This plot shows the **final posterior belief** about each action's reward:
- **Solid curves**: Posterior distributions $\mathcal{N}(\mu_{a,T}, \tau_{a,T}^2)$
- **Dashed vertical lines**: True mean rewards

**What to look for:**
- **Width** (variance): Narrow = high confidence, Wide = high uncertainty
- **Center** (mean): Should align with dashed line (true mean)
- **Optimal action** (action 1): Should have narrow distribution centered at 2.0
- **Rarely-selected actions**: May have wider distributions (less data)
- **Bad actions**: Should have narrow distributions centered at low values (confidently bad)

This visualization shows how Thompson Sampling's belief state drives its behavior: 
- When distributions overlap significantly → exploration still needed
- When optimal action's distribution is clearly highest and narrow → confident exploitation

In [None]:
# Plot final posterior distributions
plt.figure(figsize=(12, 5))

# Determine plot range
all_means = means + list(agent.means)
x_min = min(all_means) - 2
x_max = max(all_means) + 2
x = np.linspace(x_min, x_max, 500)

for a in range(num_actions):
    mu = agent.means[a]
    sigma = np.sqrt(agent.tau[a])
    
    # Gaussian PDF
    y = 1/(sigma*np.sqrt(2*np.pi)) * np.exp(-0.5*((x-mu)/sigma)**2)
    label_suffix = " (OPTIMAL)" if a == np.argmax(means) else ""
    plt.plot(x, y, label=f'Action {a}: μ={mu:.2f}, σ={sigma:.2f}{label_suffix}', linewidth=2)
    
    # Mark true mean
    plt.axvline(x=means[a], color=f'C{a}', linestyle='--', alpha=0.3, linewidth=1.5)

plt.title("Final Posterior Distributions (Thompson Sampling)", fontsize=14, fontweight='bold')
plt.xlabel("Reward Value")
plt.ylabel("Probability Density")
plt.legend()
plt.grid(True, alpha=0.3)
plt.show()

print("Dashed vertical lines show true means for comparison.")
print("Narrow distributions = high confidence, Wide distributions = high uncertainty.")

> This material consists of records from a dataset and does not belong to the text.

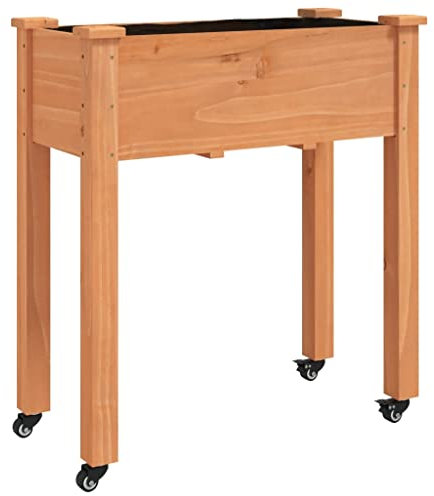 vidaXL Jardinera con Forro y Ruedas Madera de Abeto marrón 71x37x80 cm, macetero, macetero jardín, Soporte macetas, Maceta, Soporte Plantas
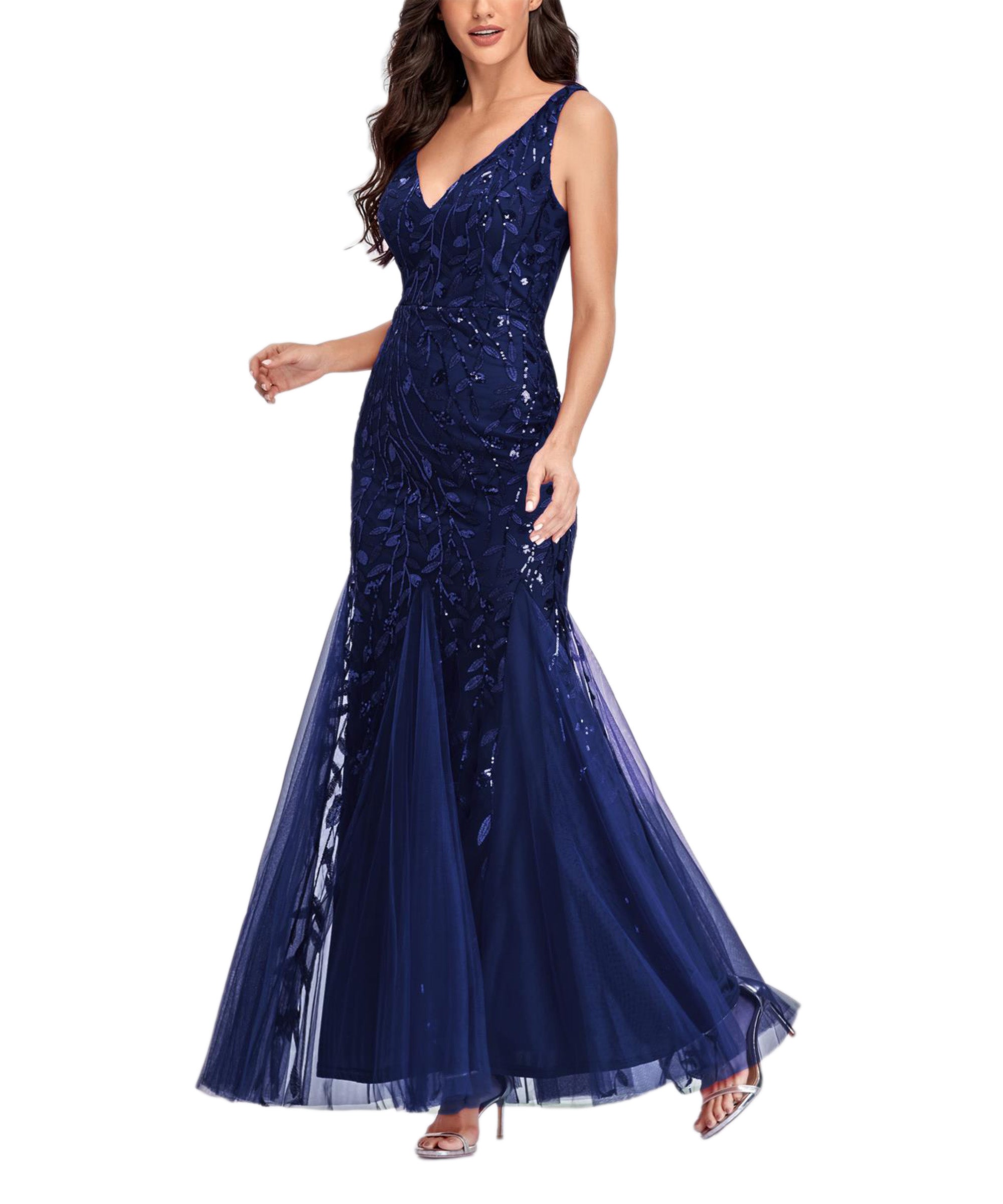 Sequin V-Neck Sleeveless Tulle Mermaid Gown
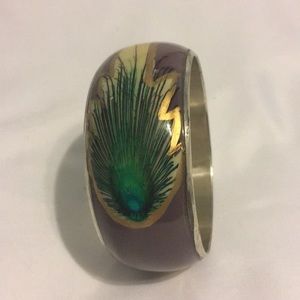 Hand painted peacock feather bangle bracket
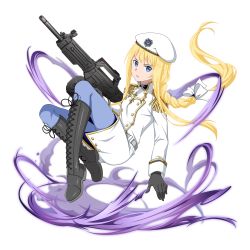 Rule 34 | 1girl, alice zuberg, black gloves, blonde hair, blue eyes, blue pants, boots, bow, braid, braided ponytail, coat, cross-laced footwear, floating hair, full body, gloves, grey footwear, gun, hair bow, hat, highres, holding, holding gun, holding weapon, knee boots, lace-up boots, long hair, long sleeves, military coat, military hat, official alternate costume, pants, parted lips, ponytail, rifle, shiny footwear, single braid, solo, sword art online, transparent background, very long hair, weapon, white bow, white coat, white hat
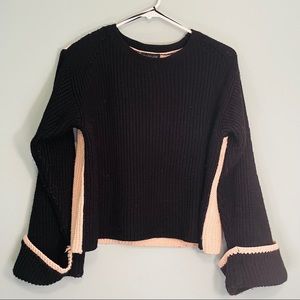 Topshop bell sleeve black color block knit whimsy sweater!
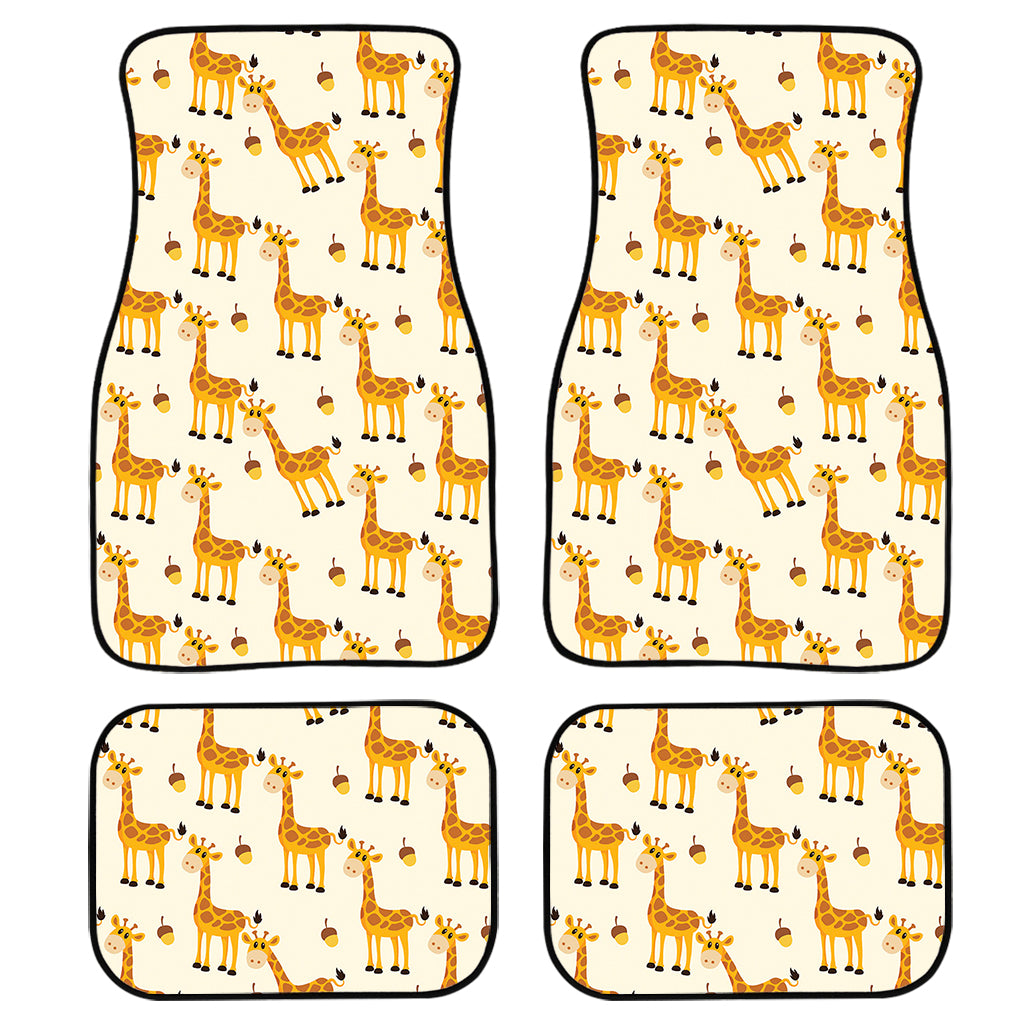 Cute Baby Giraffe Pattern Print Front and Back Car Floor Mats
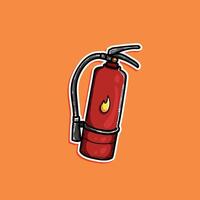 Detailed artistic representation of a traditional red fire extinguisher on a orange background, emphasizing safety, firefighting, and protection aesthetics in a simplistic and modern cartoon style. vector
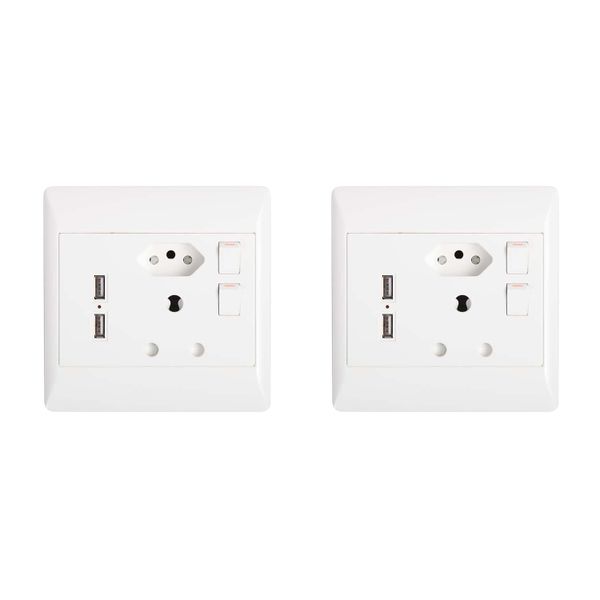 Set Of 2 Double Wall Sockets 1 x 3 &amp; 1 x 2 Point With 2 USB ports - White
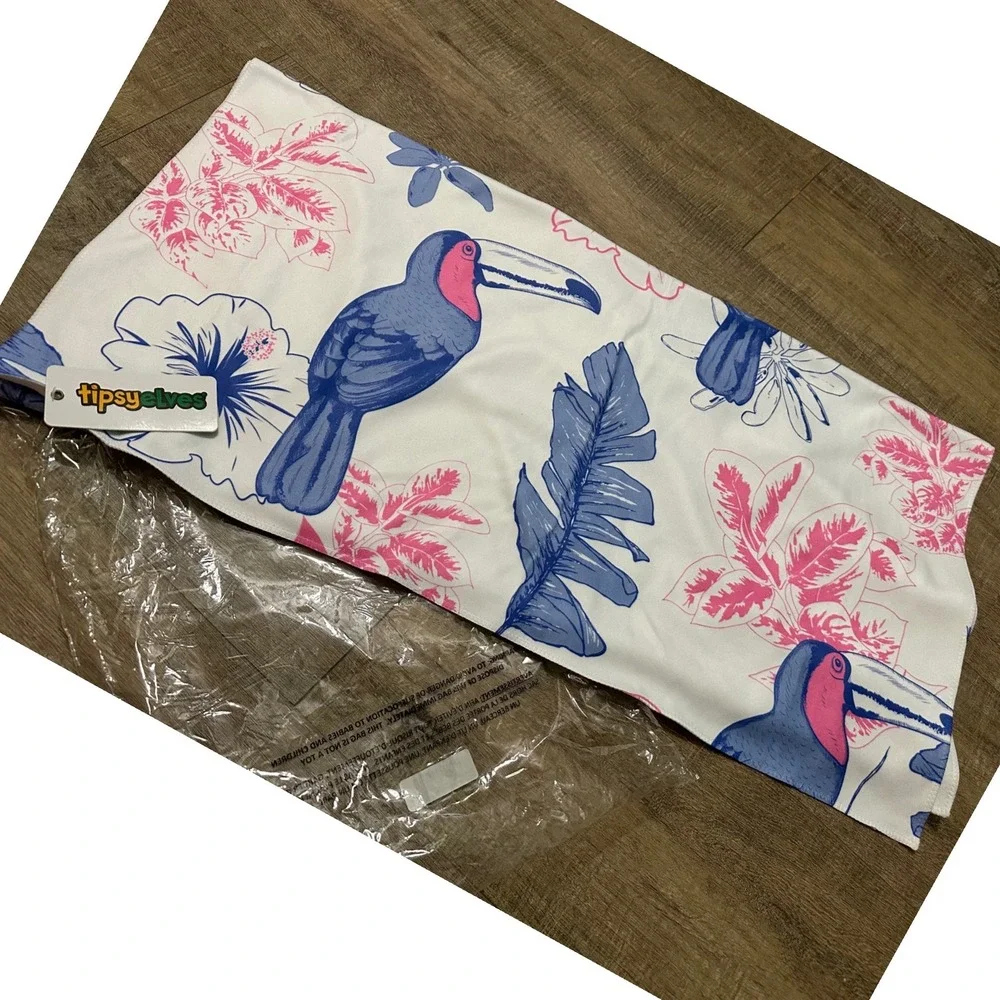 Tipsy Elves Toucan Tango Beach Towel Blue Pink White Tropical Floral 30x60  NEW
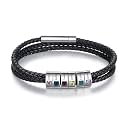 Nameinhea Personalized Mens Braid Bracelet Custom Bracelet with 1-8 Engraved Beads Family Names Jewelry Gifts for Men Father's day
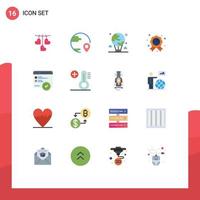 Group of 16 Modern Flat Colors Set for education badge shipping achievement global Editable Pack of Creative Vector Design Elements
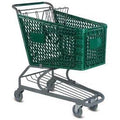 Green Plastic Shopping Cart 5.2 Cu. Foot Capacity Q140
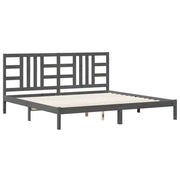 Letto matrimoniale | Letto per adulti | Giroletto Grigio in Legno Massello 200x200 cm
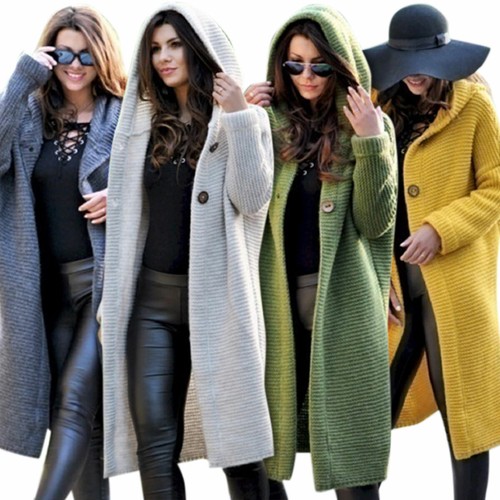 Women Long Sweater Knit Cardigan Coat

## Sampling Behavior Demonstration

To understand how Thompson Sampling selects actions, let's simulate 10 decision steps using the final learned posteriors:

At each trial:
1. Sample once from each action's posterior: $\tilde{Q}(a) \sim \mathcal{N}(\mu_a, \tau_a^2)$
2. Select action with highest sample: $A = \arg\max_a \tilde{Q}(a)$

**What to expect:**
- Optimal action (action 1) should be selected most often (high mean, low variance)
- Occasionally other actions may be selected due to random sampling
- High-variance actions have more variable samples → occasional exploration
- This probabilistic behavior is the essence of Thompson Sampling

**Note**: This uses the *final* learned posteriors. Early in training, all actions would be selected more evenly due to high uncertainty.

In [None]:
# Demonstrate how sampling works
print("=" * 70)
print("SAMPLING FROM FINAL POSTERIORS (10 TRIALS)")
print("=" * 70)
print("\nThis demonstrates Thompson Sampling's probabilistic action selection:\n")

selection_counts = np.zeros(num_actions, dtype=int)

for trial in range(10):
    samples = []
    for a in range(num_actions):
        sample = np.random.normal(agent.means[a], np.sqrt(agent.tau[a]))
        samples.append(sample)
    
    selected = np.argmax(samples)
    selection_counts[selected] += 1
    
    samples_str = [f'{s:5.2f}' for s in samples]
    marker = " ← OPTIMAL" if selected == np.argmax(means) else ""
    print(f"Trial {trial+1:2d}: Samples = [{', '.join(samples_str)}], Selected = {selected}{marker}")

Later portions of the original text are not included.